When coffee finally arrived in Europe in the 1500’s, authorities expressed concern. Young men had begun to hang out at newfangled “coffee houses” – essentially the Starbucks of the late Middle Ages. Their conversations sometime veered toward radical ideas.
A number of Italian priests imagined coffee to be a Muslim plot – a hot, satanic brew that had been conjured up to poison the Church.
Enter Pope Clement VIII, who did something entirely sensible. In the year 1600, he drank a cup of coffee. “This Satan’s drink is so delicious,” he is reported to have said, “it would be a pity to let the infidels have exclusive use of it. We shall fool Satan by baptizing it.”
Coffee thus began a long and successful run as the West’s most popular morning beverage. Today it’s impossible to picture the average workplace or church fellowship hall without it.
About the same time, as Jesuit missionaries traversed South America, they imported more than just Catholic doctrines. They introduced coffee as a potential cash crop for farmers.
Within a century, two countries were duking it out for coffee supremacy: Brazil and Colombia. As Elena Caro reports in her book Beans of Destiny, these distinctly different cultures chose to go distinctly different ways when it came to supplying the world’s java.
Brazil opted for quantity. Before the nation abolished slavery in 1888 (the last Western country to do so), Black Africans toiled on huge coffee plantations. Success was measured by numbers. The picking of ripe coffee “cherries” was accomplished with the utmost speed.
Coffee farmers in Colombia, on the other hand, embraced a culture of quality.
Since the Colombian landscape is crisscrossed by the Andean highlands, there’s no room for huge plantations. Small family farms – each led by a cafetero, a proud, hard-working, independent coffee farmer – became the backbone of the nation’s economy.
That’s the enduring image of Colombian coffee.
It’s promoted worldwide by Juan Valdez, a fictional character who debuted in a whole-page ad in the Sunday edition of the New York Times on January 6, 1960. For the past 65 years, Juan and his trusty mule Conchita – whose saddlebags are always brimming with coffee beans – have let the world know that there’s nothing quite like Colombian coffee.
What’s so special about a cup of Colombian jo?
Instead of the industrial coffee “monoculture” of Brazil, Colombian coffee farms feature diversity. Regionalism of flavor is reinforced by geography, since different farms grow slightly different plants on different slopes. Every bean is selected by hand – an approach to harvest that fosters patience, precision, and pride.
Colombian coffee production is intimately linked to family and community solidarity. Social events, songs, and celebrations have become prime parts of national culture.

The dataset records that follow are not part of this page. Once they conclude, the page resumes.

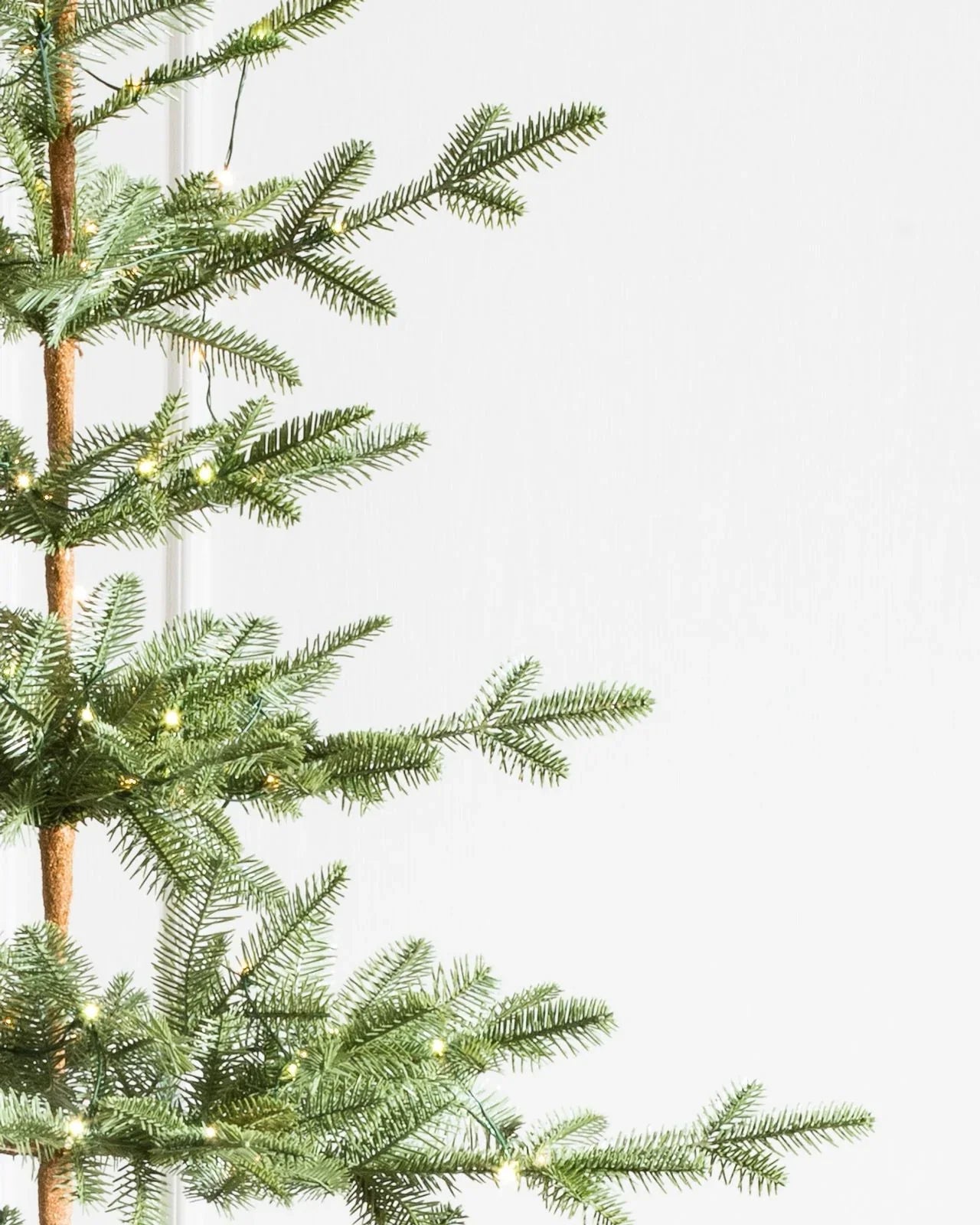Árvore de Natal Slim Alpine com Galhos Articulados, Suporte Metálico e Micro LEDs Embutidos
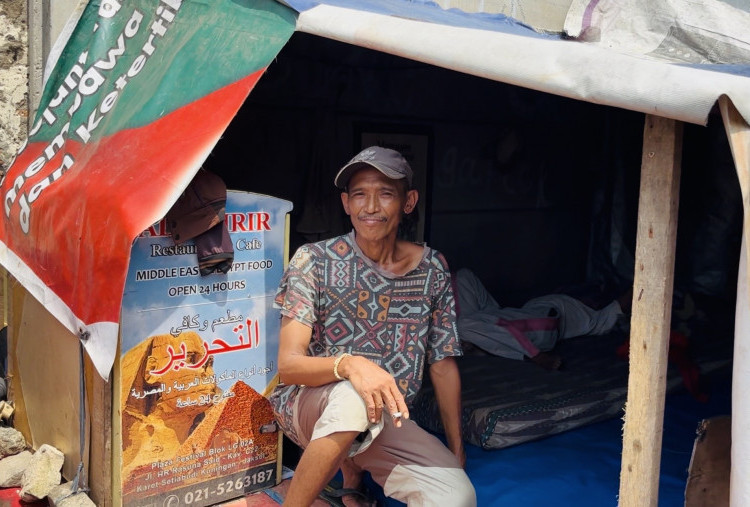 Nestapa Warga Bantaran Rel Senen: Tak Dapat Bansos, KJP Anak Pun Diputus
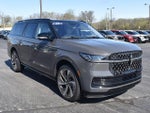 2025 Navigator L Thumbnail 7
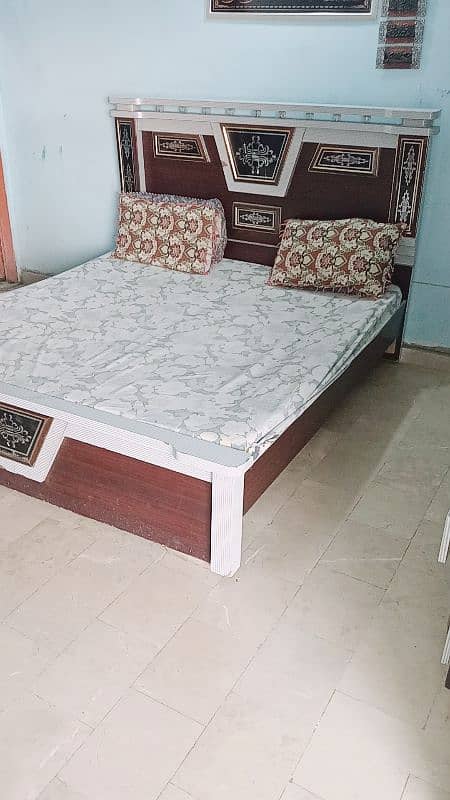 Urgent bed Sale WhatsApp 0340//22//33//714 0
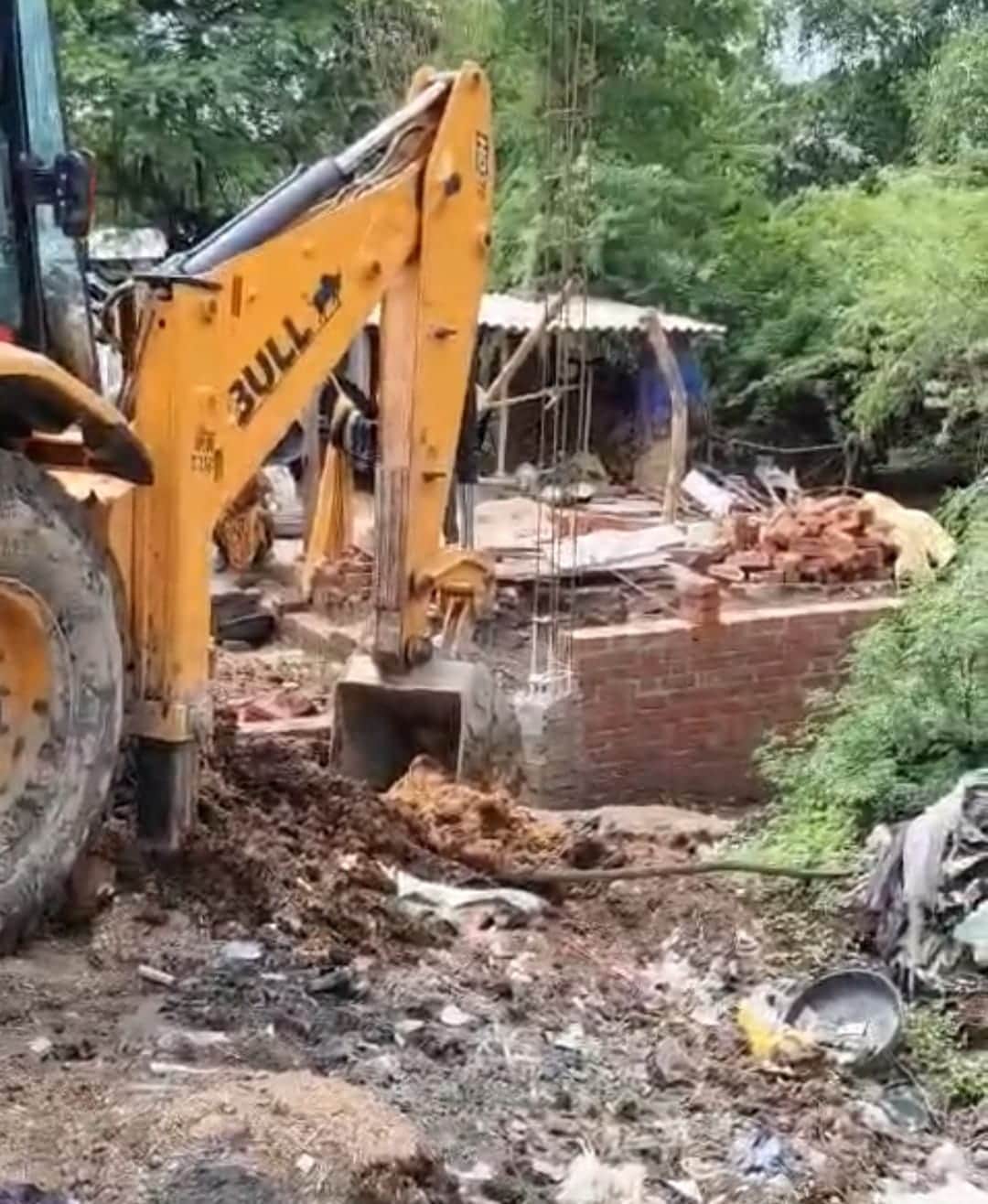Illegal encroachments were removed from public properties.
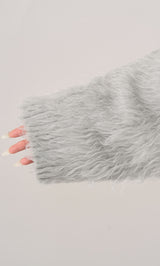 モデル:156cm(着用サイズ:FREE 着用カラー:GRY)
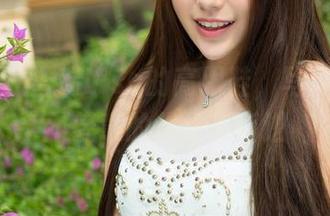 推女神 – 雪瑞Lisa的高跟鞋，写真美图中不经意的优雅与叛逆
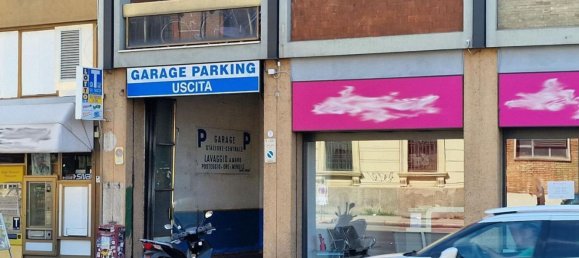 1800m² Commercial property in Bologna, Italy No. 372455 4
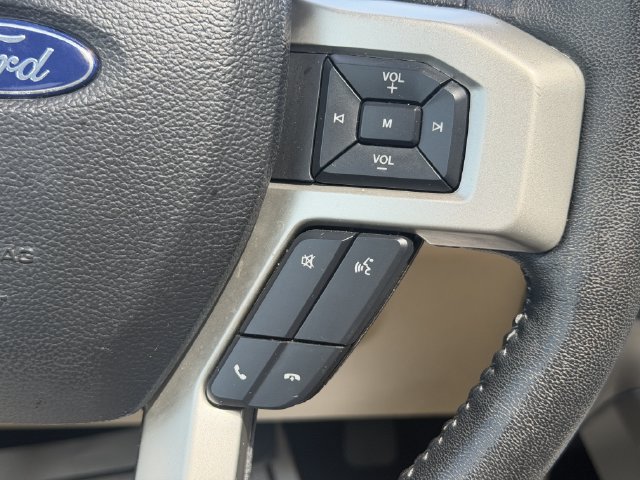 Used 2020 Ford F250 Lariat w/ Lariat Ultimate Package AWD/4WD image 29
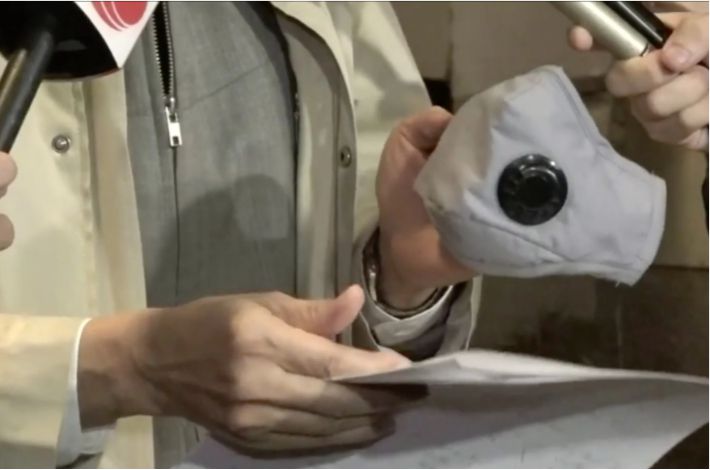 밸브형 유죄? 들어오는 공기를 차단하지만 잠재적인 전염성이 있는 날숨은 그대로 내보내는 '이기적인' 마스크. SCMP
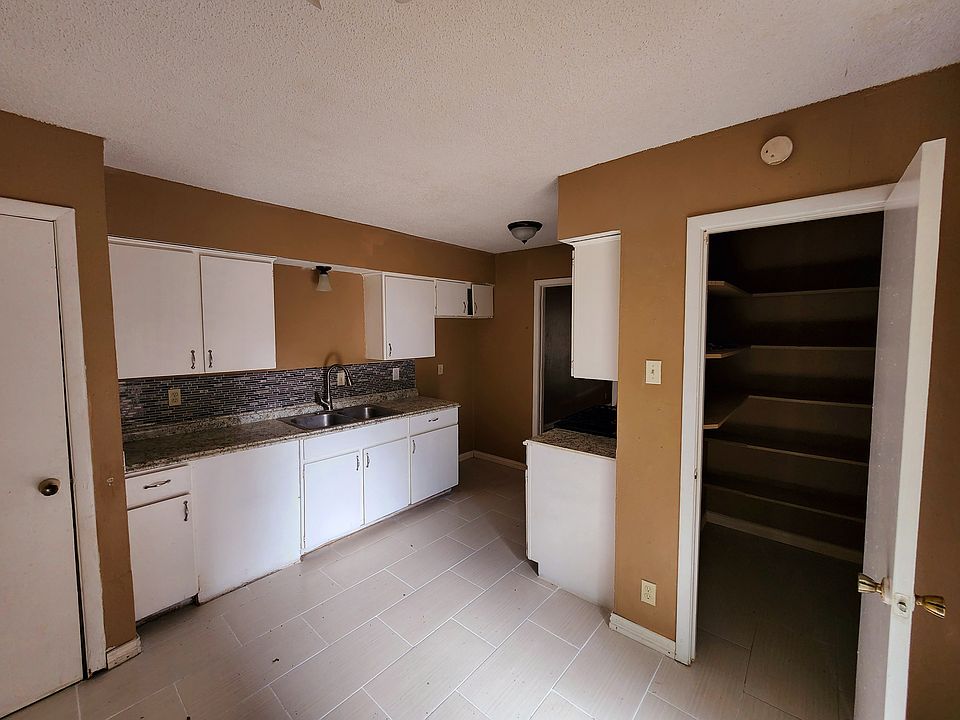 Kitchen_08202022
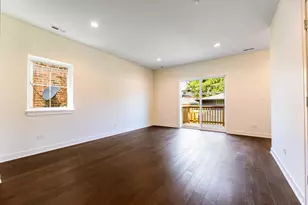 2832 W Wilcox St, Chicago, IL 60612 - Photo 10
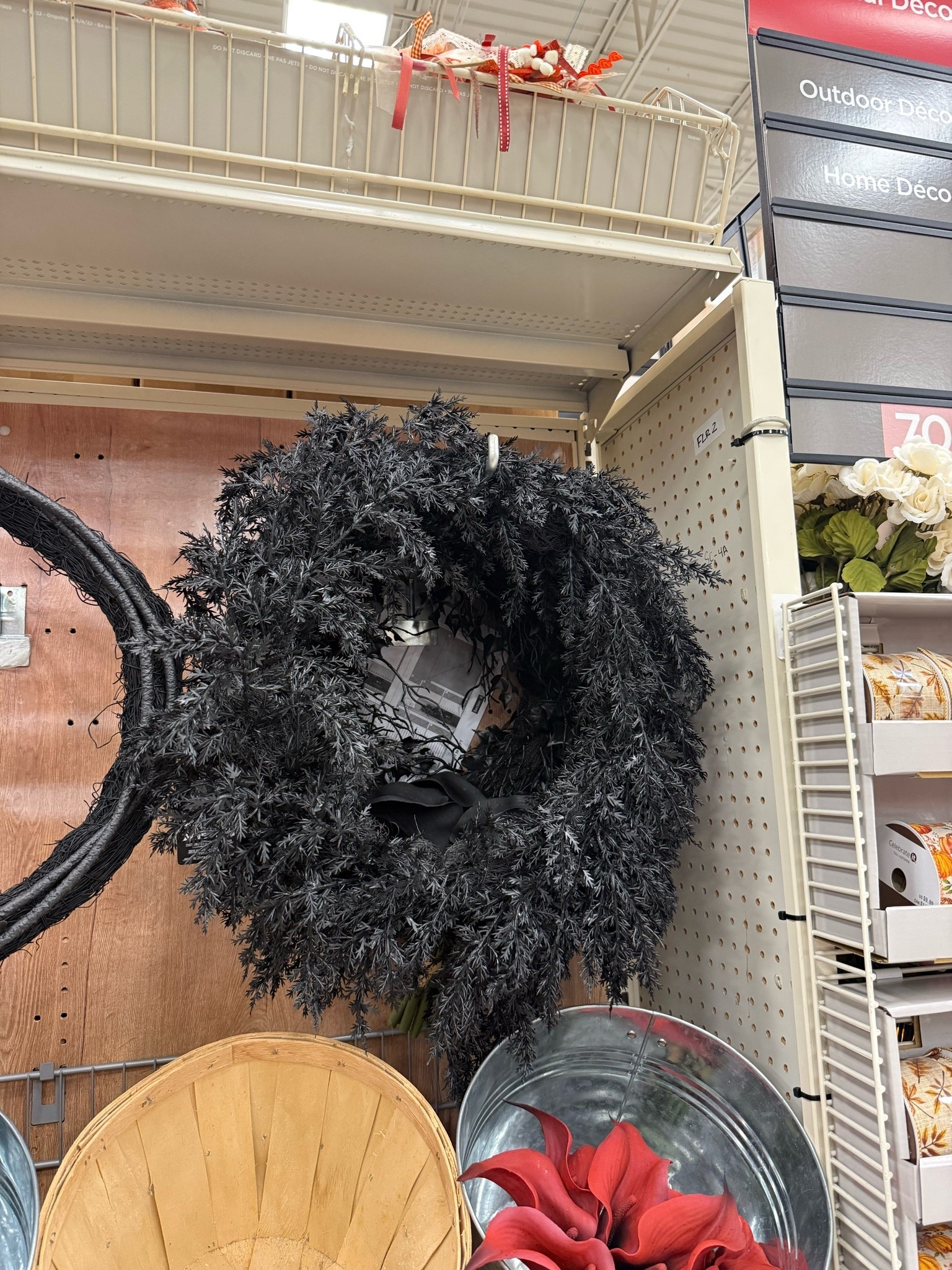 Halloween decor at Michaels

#LTKSeasonal #LTKHome #LTKSaleAlert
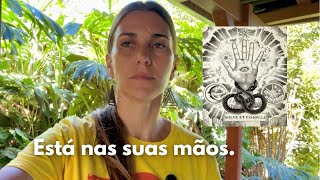 Não está nas mãos de Deus. Nem do universo. Volte pra terra com a individuação.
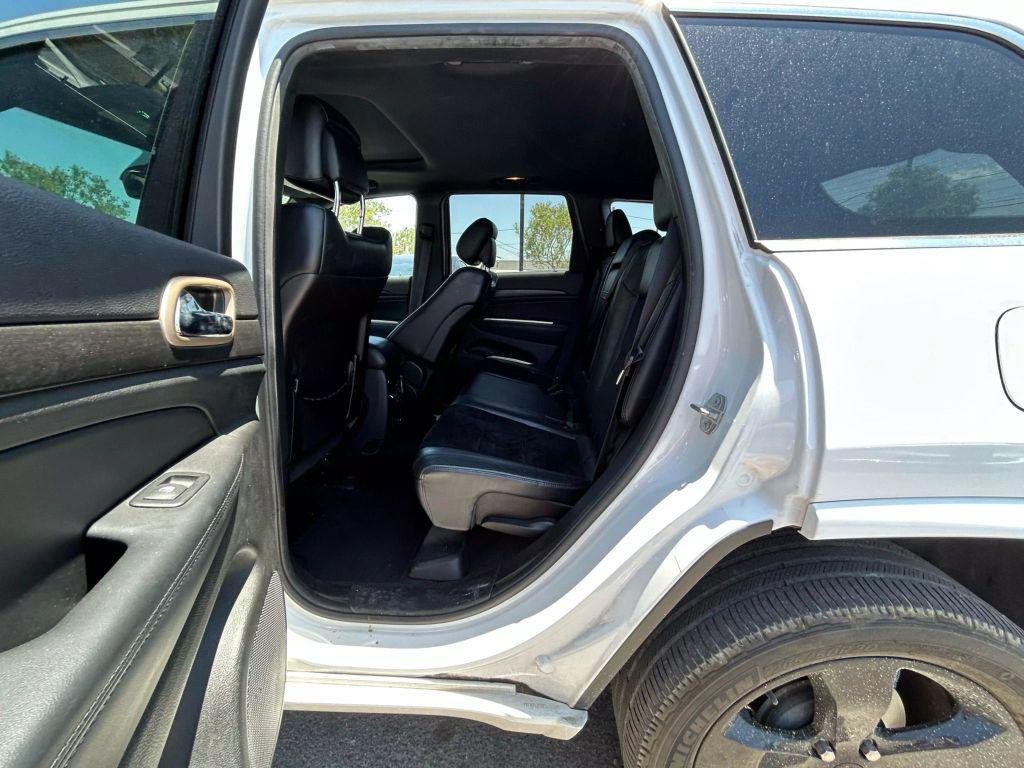 used 2015 Jeep Grand Cherokee car, priced at $11,531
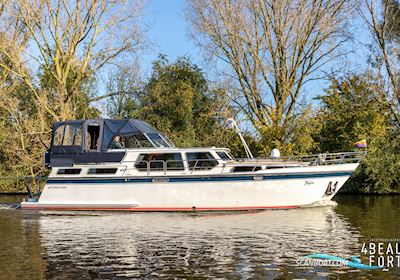 Proficiat 1370 GL Motorboat 2000, with Vetus-Deutz DT64 engine, The Netherlands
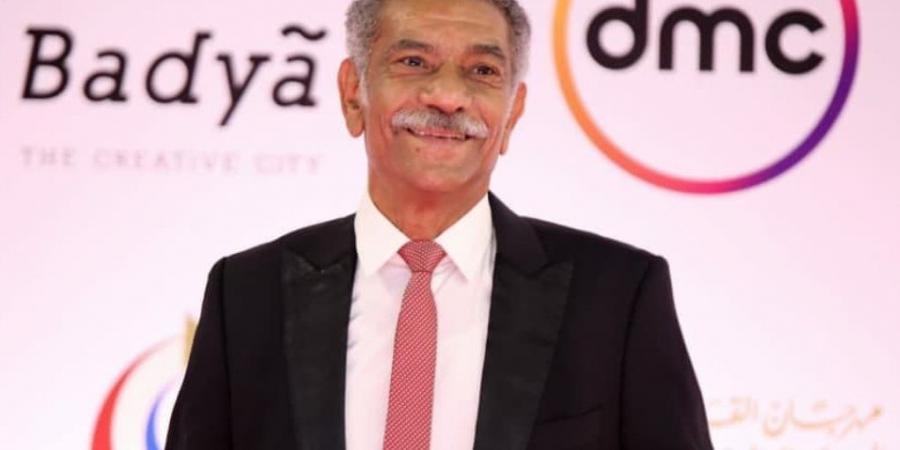 الموت
      يفجع
      سيد
      رجب
      في
      والد
      زوجته..
      وهذا
      موعد
      الجنازة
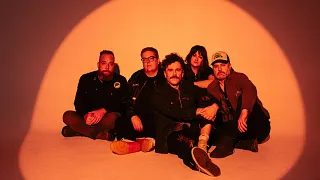 THE STRUMBELLAS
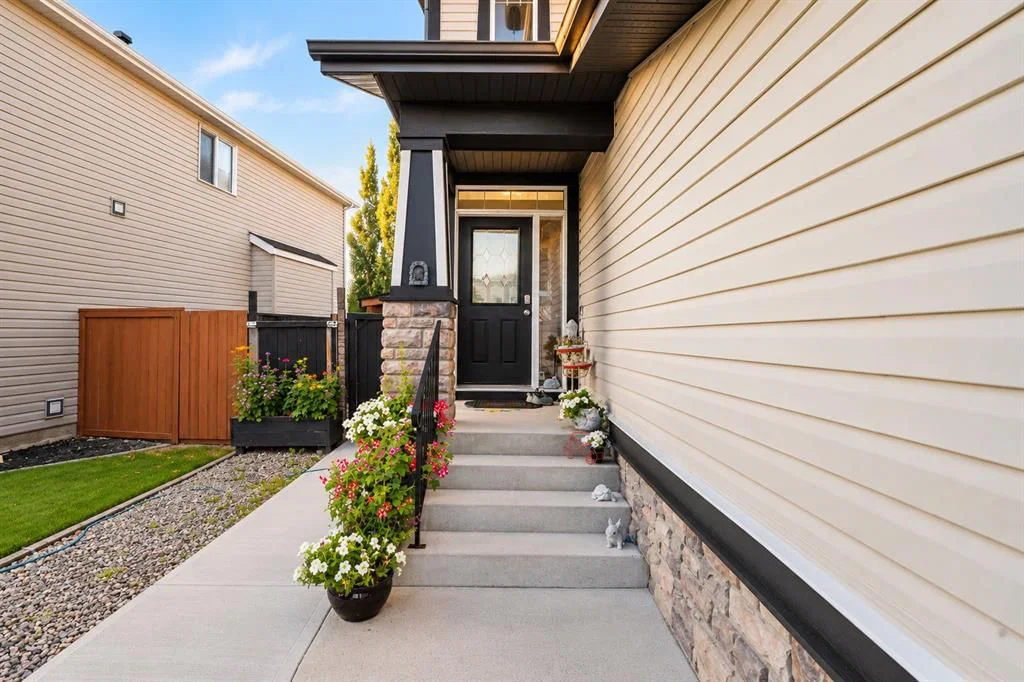 58 Copperleaf Terrace SE, Calgary — photo 3 of 50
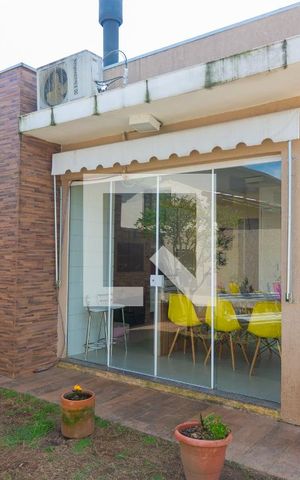 Casa de condomínio à venda com 102m², 3 quartos e 2 vagasÁrea comum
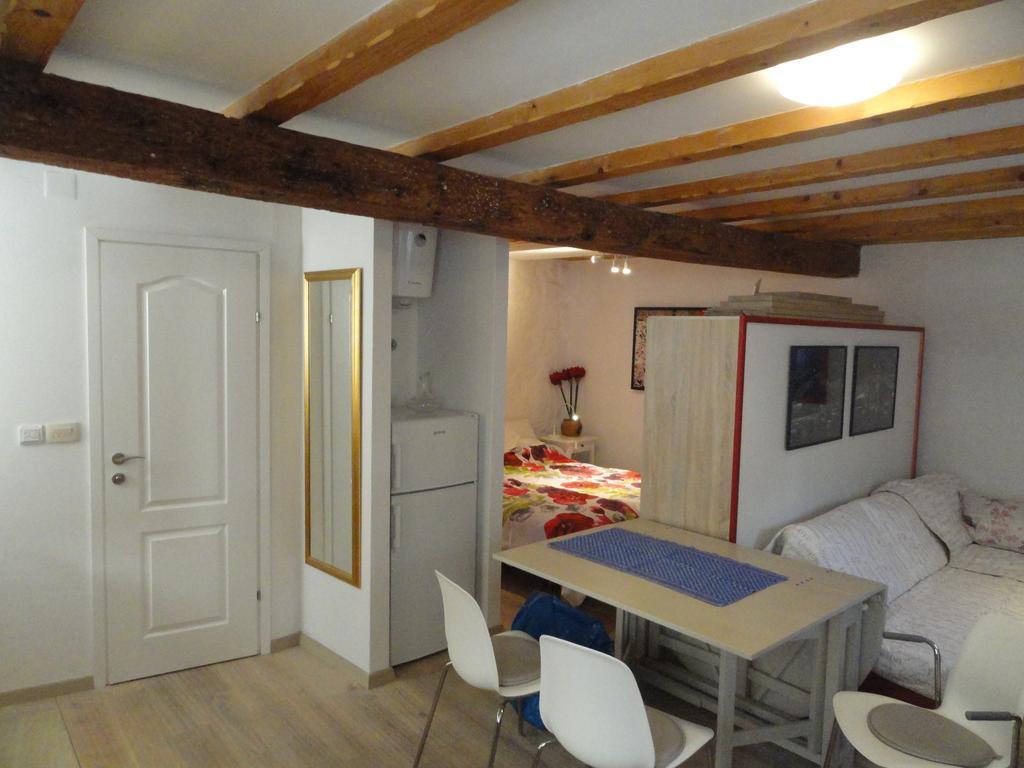 City Walls Hostel Дубровник Екстериор снимка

It didn’t have to be this way.
Colombian farmers could have opted for quick-win-crops like maize or plantains, which offer tangible results and a few coins in one’s pocket in a matter of months. Coffee is different. It takes four to five years to plant and nurture coffee plants – and there’s no guarantee that such time and effort will pay off. Caro observes that planting coffee is “to invest in a future that might not come.”
Why, then, did so many Colombian farmers become cafeteros?
Caro cites the teaching of the Jesuits. Back in the 1700s, they framed coffee farming as a moral discipline. It was like tending the soul, which requires diligence, patience, and never-ending care. Those lessons gradually became woven into the national character.
Colombian coffee represents a slow promise. There will be great results – if you just hang in there.
The same thing is true when it comes to following Jesus.
The apostle Paul even uses an agricultural motif to describe the promise of the slow-but-steady Christ-pursuing life:
“And let us not grow weary of doing good, for in due season we will reap, if we do not give up” (Galatians 6:9).
The best things in life – including eternal life – are worth waiting for.
To which coffee drinkers and disciples (often one and the same), will certainly raise their steaming cups and say, “I’ll drink to that.”